1 research outputs found
Architectural support for persistent memory systems
The long stated vision of persistent memory is set to be realized with the release of
3D XPoint memory by Intel and Micron. Persistent memory, as the name suggests,
amalgamates the persistence (non-volatility) property of storage devices (like disks)
with byte-addressability and low latency of memory. These properties of persistent
memory coupled with its accessibility through the processor load/store interface enable
programmers to design in-memory persistent data structures.

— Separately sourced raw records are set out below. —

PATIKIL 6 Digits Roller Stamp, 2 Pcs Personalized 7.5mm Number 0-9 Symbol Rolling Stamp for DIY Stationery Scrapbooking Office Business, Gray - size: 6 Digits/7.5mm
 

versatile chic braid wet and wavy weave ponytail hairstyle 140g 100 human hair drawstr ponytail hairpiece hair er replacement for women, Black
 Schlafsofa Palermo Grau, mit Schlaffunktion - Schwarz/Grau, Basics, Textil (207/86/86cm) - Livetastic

An important challenge in designing persistent memory systems is to provide support
for maintaining crash consistency of these in-memory data structures. Crash consistency
is necessary to ensure the correct recovery of program state after a crash. Ordering
is a primitive that can be used to design crash consistent programs. It provides
guarantees on the order of updates to persistent memory. Atomicity can also be used
to design crash consistent programs via two primitives. First, as an atomic durability
primitive which guarantees that in the presence of system crashes updates are made
durable atomically, which means either all or none of the updates are made durable.
Second, in the form of ACID transactions that guarantee atomic visibility and atomic
durability.
Existing systems do not support ordering, let alone atomic durability or ACID.
In fact, these systems implement various performance enhancing optimizations that
deliberately reorder updates to memory. Moreover, software in these systems cannot
explicitly control the movement of data from volatile cache to persistent memory.
Therefore, any ordering requirement has to be enforced synchronously which degrades
performance because program execution is stalled waiting for updates to reach persistent
memory. This thesis aims to provide the design principles and efficient implementations
for three crash consistency primitives: ordering, atomic durability and ACID
transactions.
A set of persistency models have been proposed recently which provide support for
the ordering primitive. This thesis extends the taxonomy of these models by adding
buffering, which allows the hardware to enforce ordering in the background, as a new
layer of classification. It then goes on show how the existing implementation of a
buffered model degenerates to a performance inefficient non-buffered model because
of the presence of conflicts and proposes efficient solutions to eliminate or limit the
impact of these conflicts with minimal hardware modifications. This thesis also proposes
the first implementation of a buffered model for a server class processor with
multi-banked caches and multiple memory controllers.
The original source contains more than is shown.